The same methodology is followed for the second and third fibers. As a result, the average of the first source fibers are stored in the first target fiber position, the average of the second source fibers are stored in the second target fiber position, and the average of the third source fibers are stored in the third target fiber position.
The second fiber bundle averages the third fiber of source IP#1, the first fiber of source IP#2 and the second fiber of source IP#3 and stores the average in the first fiber positions of the second target through-thickness IP from the shell bottom.

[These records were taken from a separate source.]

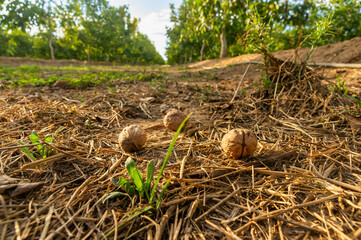 Autumn Abundance: Recently Fallen Walnuts on the Ground, Illuminated by the Golden Sunset Light, with Blurred Walnut Rows.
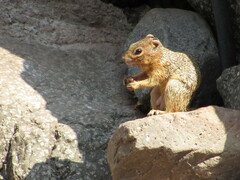 Notocitellus adocetus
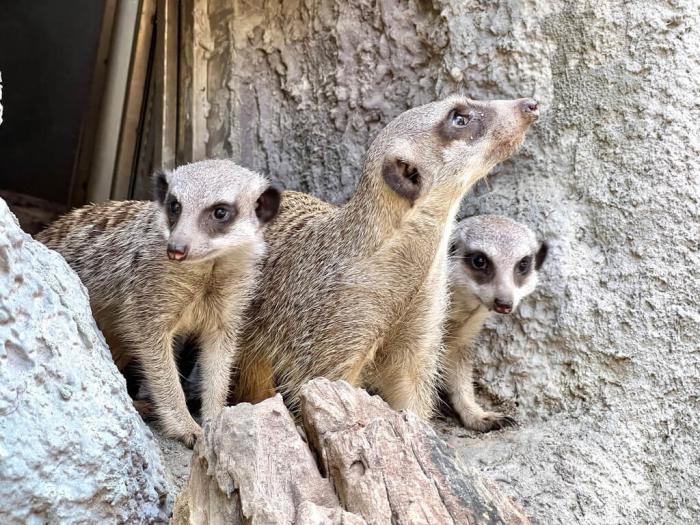 高雄壽山動物園5月誕生2只狐獴寶寶，9月初由狐獴哥哥帶路，首次出洞，新生狐獴跟在哥哥身旁觀察新環(huán)境，萌樣吸睛。圖片來源：臺灣“中央社”(高雄市觀光局提供)。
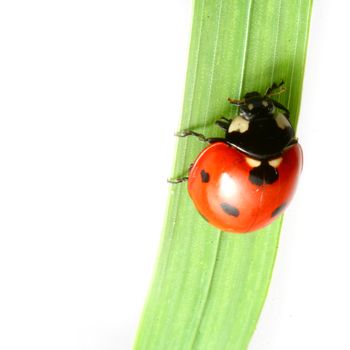 red ladybug on green grass isolated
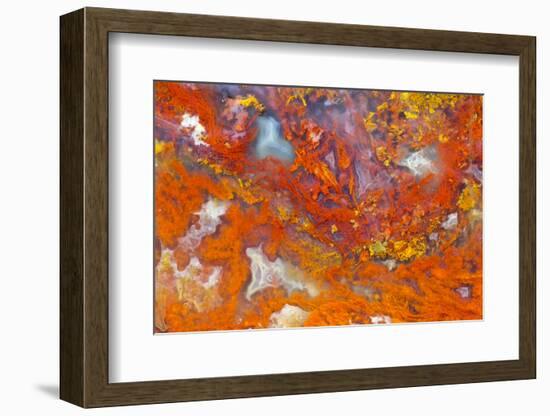 Agate in Colorful Design, Sammamish, WA-Darrell Gulin-Framed Photographic Print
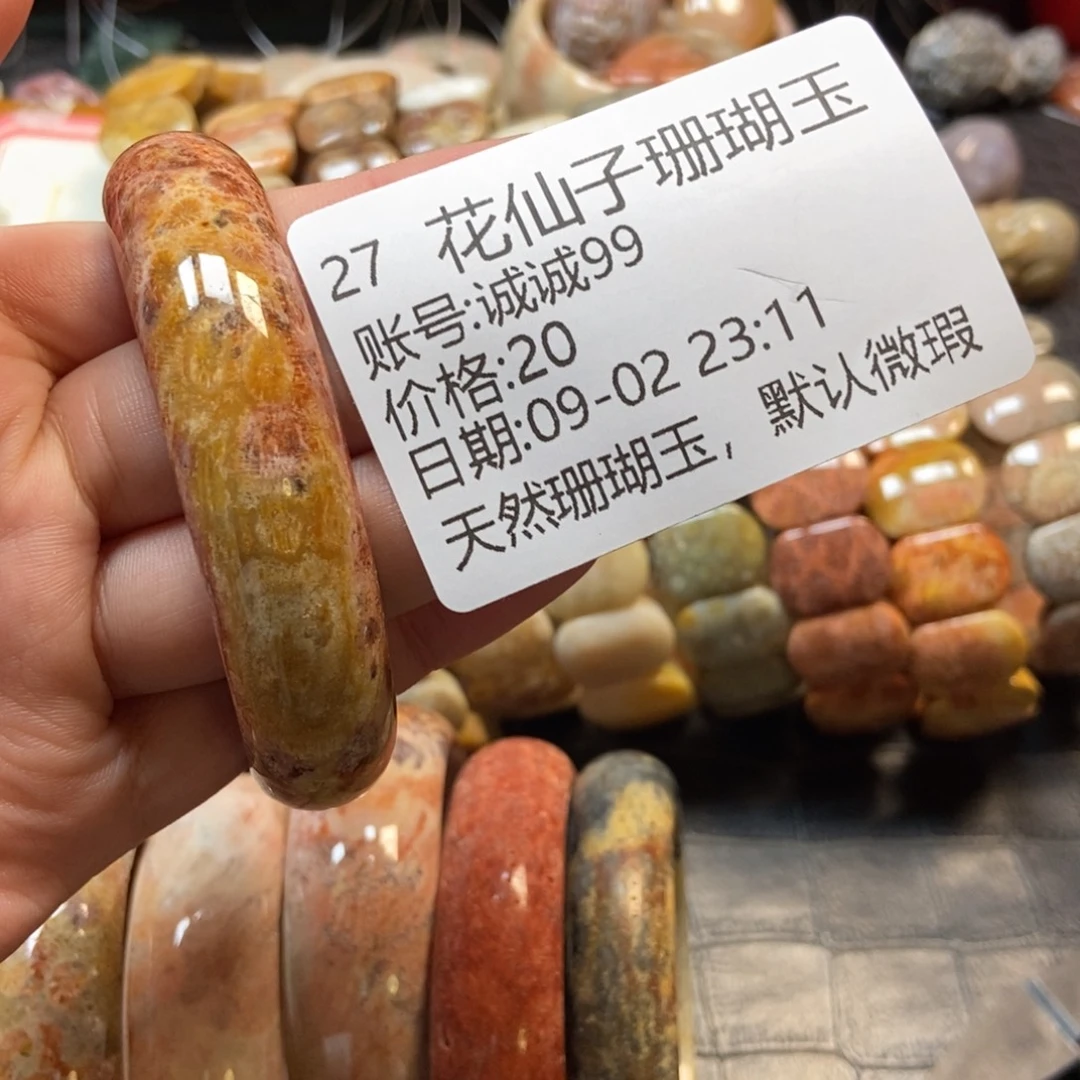 诚***9未镶嵌硅化珊瑚（珊瑚玉）珠宝半成品27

Similarly, the second target fiber direction is computed using the second fiber of IP#1, the third fiber of IP#2 and the first fiber of IP#3.
The third fiber bundle uses both source PIDs to compute target fiber data. The first target fiber direction of the third target through thickness IP from the shell bottom is computed using the first fibers of all IPs of SourcePID#1 and the third fibers of all IPs of SourcePID#2. The third target fiber direction is similar to the first, but other way around. The second target fiber direction is computed using all second source fiber data from all IPs of both source PIDs.
Fiber bundle material IDs are assigned to the respective through-thickness integration points in the *ELEMENT SHELL COMPOSITE( LONG) keyword.
Note 3
A specific clustering option has been implemented for the ARENA2036 Project - Digital Finger Print. The option aims to modify *ELEMENT SHELL COMPOSITE(LONG) integration point material IDs of certain target mesh elements, which are found using source mesh.
The mapping options should be defined as follows:
Algorithm=ElementSizeSearchRadius Shell_Option=Composite (or, Composite Long) NPLANE=<INT> NTHICK=<INT> MapStress=NO MapStrain=NO MapThickness=NO NumIterations=<INT> ClusterID#<INT>=&PID<INT>,<OPTION>,<DOUBLE>,<DOUBLE>,<INT>
The integer on the left hand side indicates the target PID, to which clustering should be applied. The &PID option is supported only for this special case and the following integer defines the source PID to consider for clustering. <OPTION> can be ADDPID or AVG. The ADDPID option modifies the existing material ID by adding a user-defined value. The AVG option overwrites the existing material ID using the user-defined value. The following two <DOUBLE> entries have no effect on the routine, and any values can be defined that satisfy the format. The last <INT> value represents the user-defined value.